* BRIEF:
Would you output all the lines below precisely as they stand, leaving each picture out?

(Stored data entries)
* * * * * * *

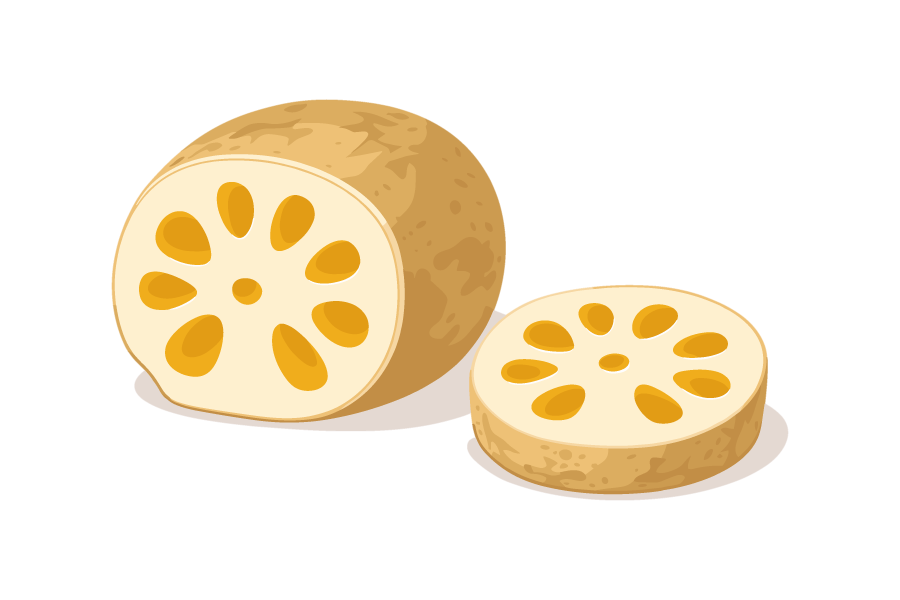 れんこん・野菜イラスト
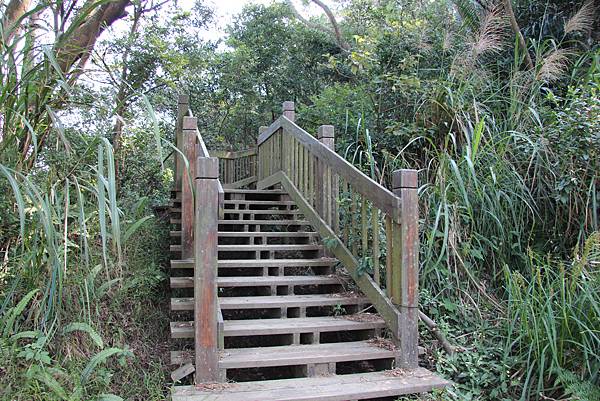 1031芎林飛鳳山、新埔文山國小百年香楓 (23).JPG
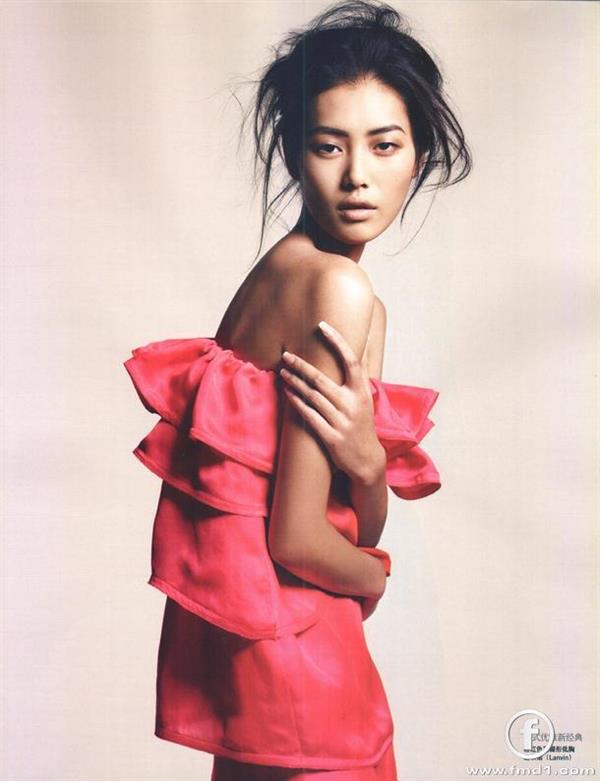 Liu Wen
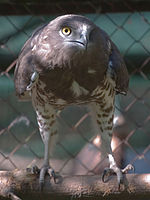 Zoo 8.jpg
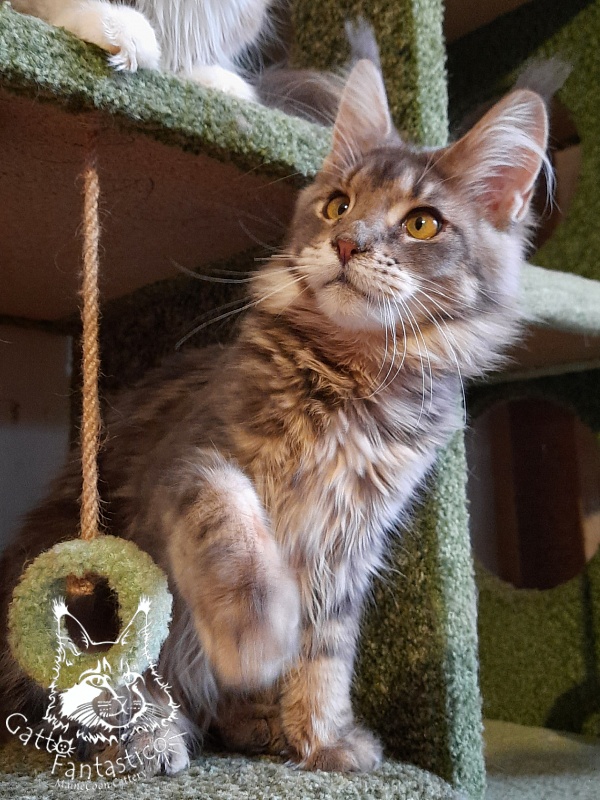 Gatto Fantastico Newton - Junior maine-coon 7 months 0.5 weeks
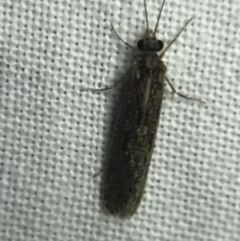 Trichoptera sp. (order) at Garran, ACT - 4 Mar 2022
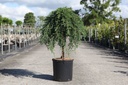 Juniperus communis 'Green Mantle' cont. 12L 60 cm standard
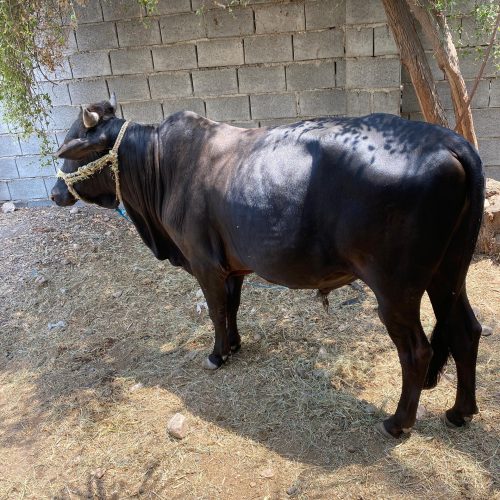 گاونرفروشی 2سال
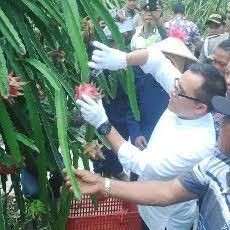 Bupati Banyuwangi Panen Buah Naga
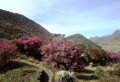 Colores de los Andes 3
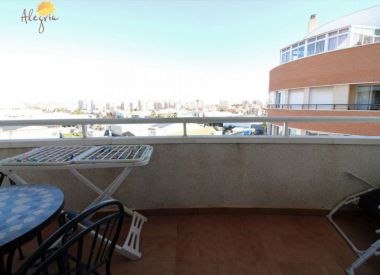 Apartments in Torrevieja (Costa Blanca), buy cheap - 74 900 [71993] 8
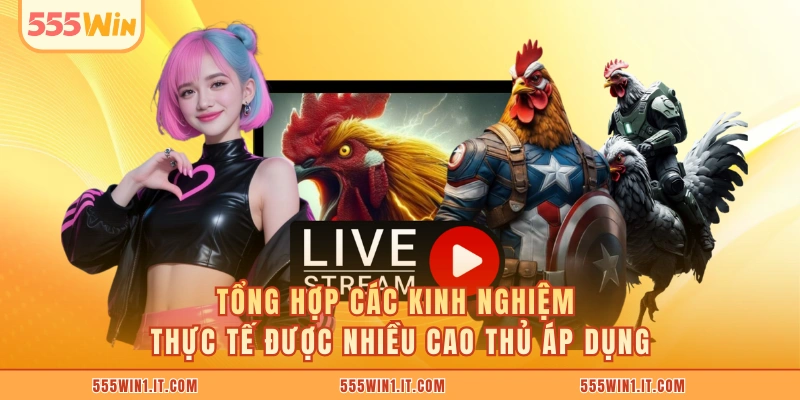 Đá Gà Cựa Sắt 555WIN Kênh Cá Cược Uy Tín Nhất Hiện Nay Tổng hợp các kinh nghiệm thực tế được nhiều cao thủ áp dụng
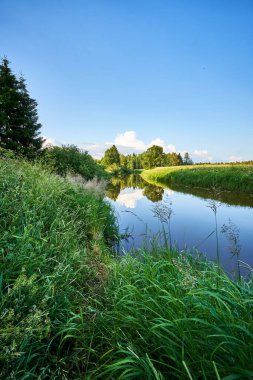 Ağaçlarla çevrili tarlalar arasında akan nehrin dikey görüntüsü.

* * * * * * *

* EXERCISE OUTPUT:
 れんこん・野菜イラスト
 1031芎林飛鳳山、新埔文山國小百年香楓 (23).JPG
 Liu Wen
 Zoo 8.jpg
 Gatto Fantastico Newton - Junior maine-coon 7 months 0.5 weeks
 Trichoptera sp. (order) at Garran, ACT - 4 Mar 2022
 Juniperus communis 'Green Mantle' cont. 12L 60 cm standard
 گاونرفروشی 2سال
 Bupati Banyuwangi Panen Buah Naga
 Colores de los Andes 3
 Apartments in Torrevieja (Costa Blanca), buy cheap - 74 900 [71993] 8
 Đá Gà Cựa Sắt 555WIN Kênh Cá Cược Uy Tín Nhất Hiện Nay Tổng hợp các kinh nghiệm thực tế được nhiều cao thủ áp dụng
 Ağaçlarla çevrili tarlalar arasında akan nehrin dikey görüntüsü.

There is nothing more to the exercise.